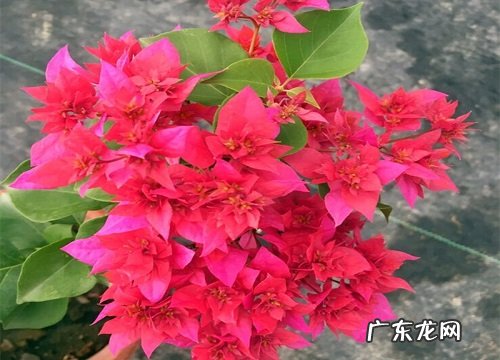 养好三角梅盆栽的小妙招 三角梅怎么养才能开更多的花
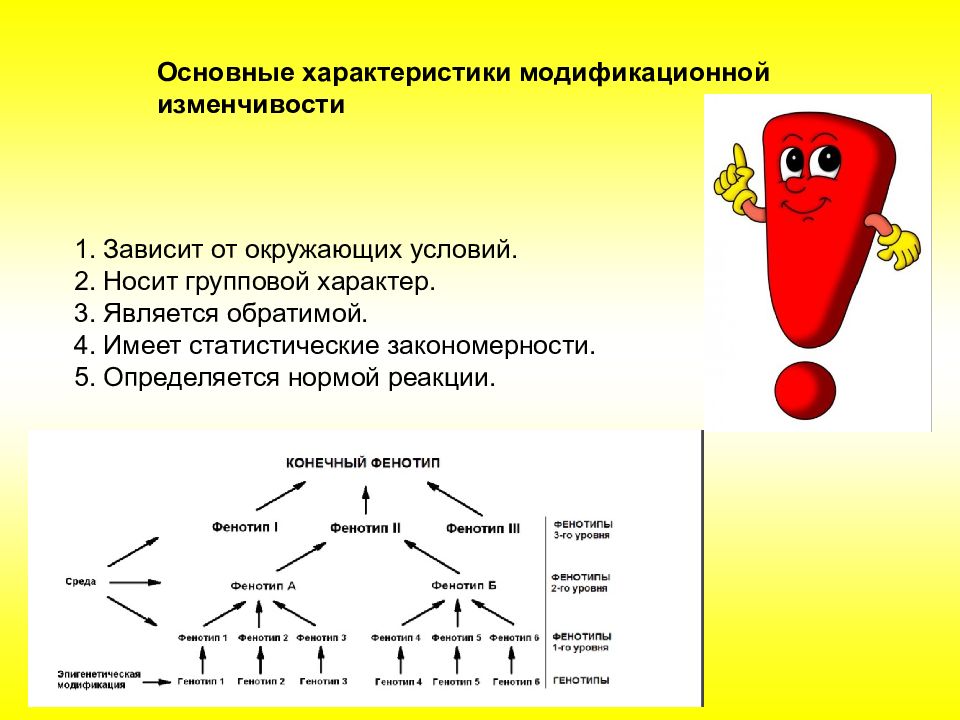 4 модификационная изменчивость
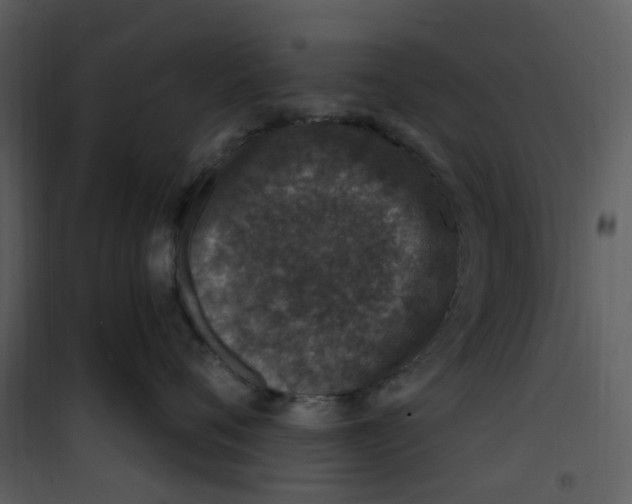 X0000101180720200807181448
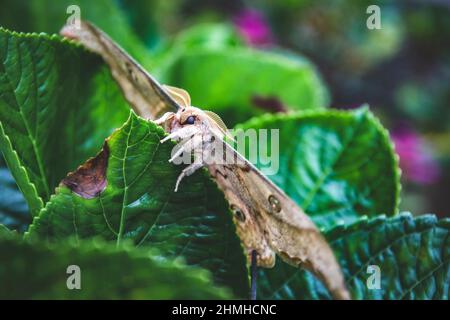 Gigantesca falce imperatore, grande falce imperatore, Saturnia piri, falce, farfalla, Doi Inthanon, Tailandia, Asia Foto Stock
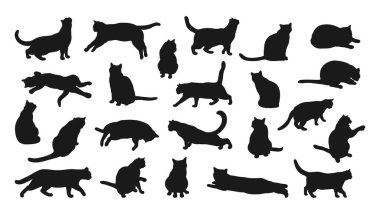 Beyaz arka planda izole edilmiş kedi siluetleri koleksiyonu. Farklı kedi pozları. Kedi yalan söylüyor, oturuyor, oynuyor, yürüyor, ayakta duruyor, esniyor. Vektör illüstrasyonu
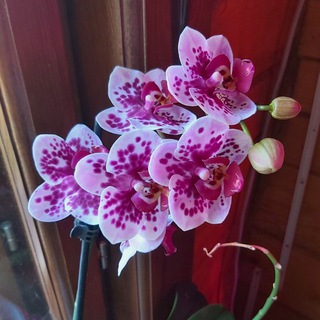 Логотип @sabina_raznoe - Всего по немного 🌿🥘🔮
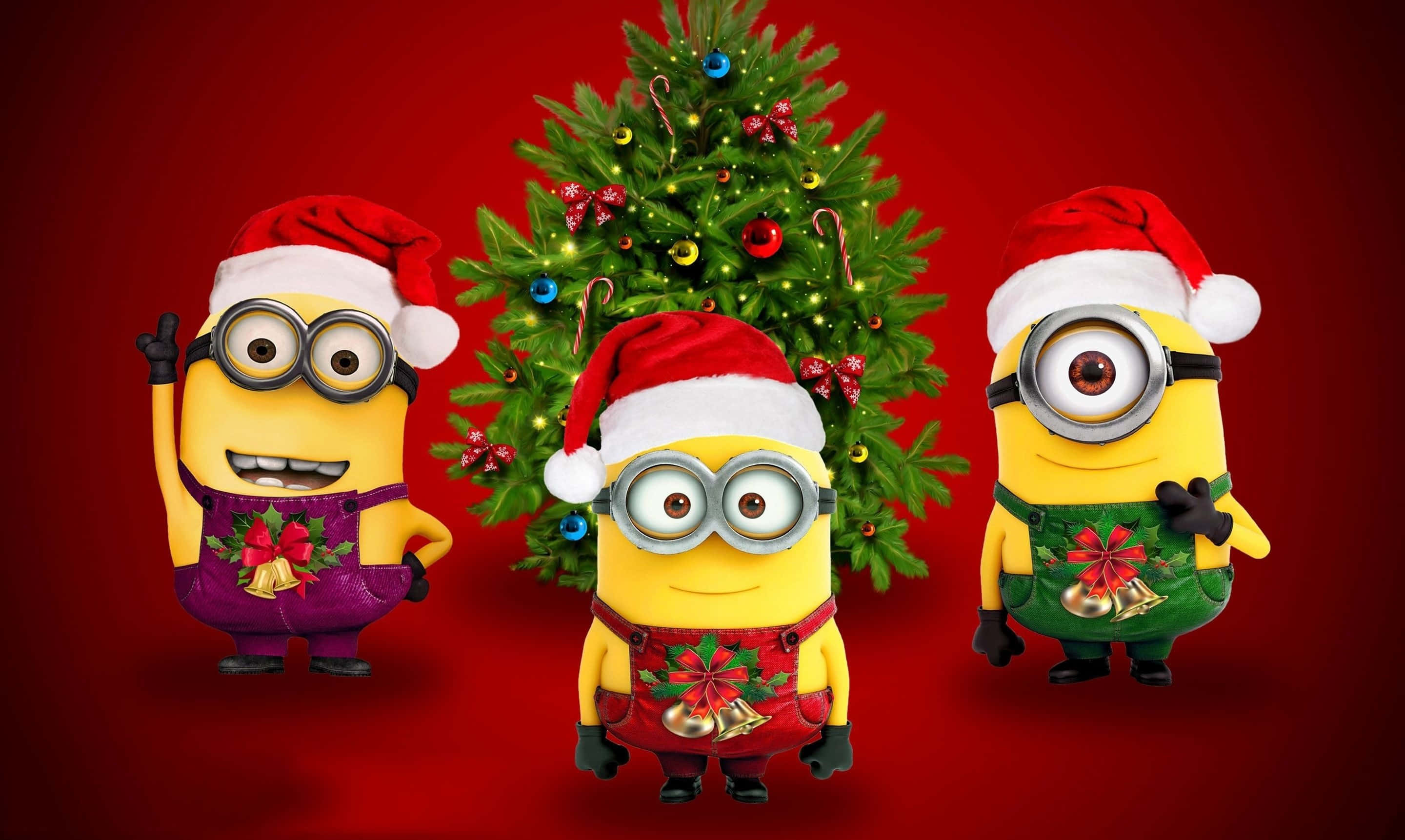 Ông già Noel hài hước chụp ảnh tự sướng cùng chú tuần lộc vui nhộn trong xứ sở mùa đông Hình nền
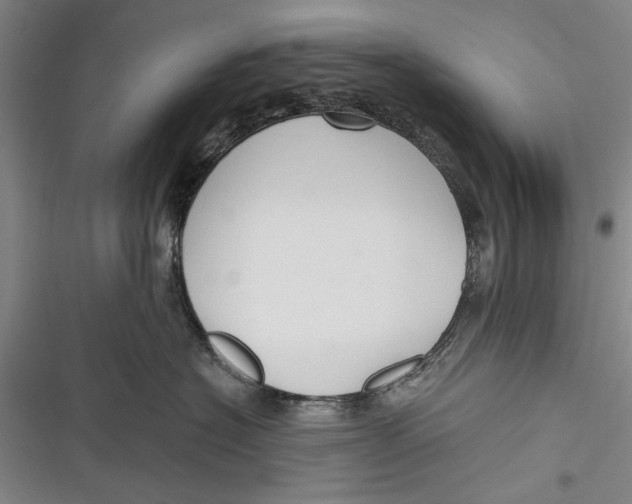 X0000116850574201001121222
* * *
:: Description of the task ::
Please write out exactly the lines from the one containing "Логотип @sabina_raznoe - Всего" through the last line of the records above, and leave out any pictures.

:: Output of the exercise ::
 Логотип @sabina_raznoe - Всего по немного 🌿🥘🔮
 Ông già Noel hài hước chụp ảnh tự sướng cùng chú tuần lộc vui nhộn trong xứ sở mùa đông Hình nền
 X0000116850574201001121222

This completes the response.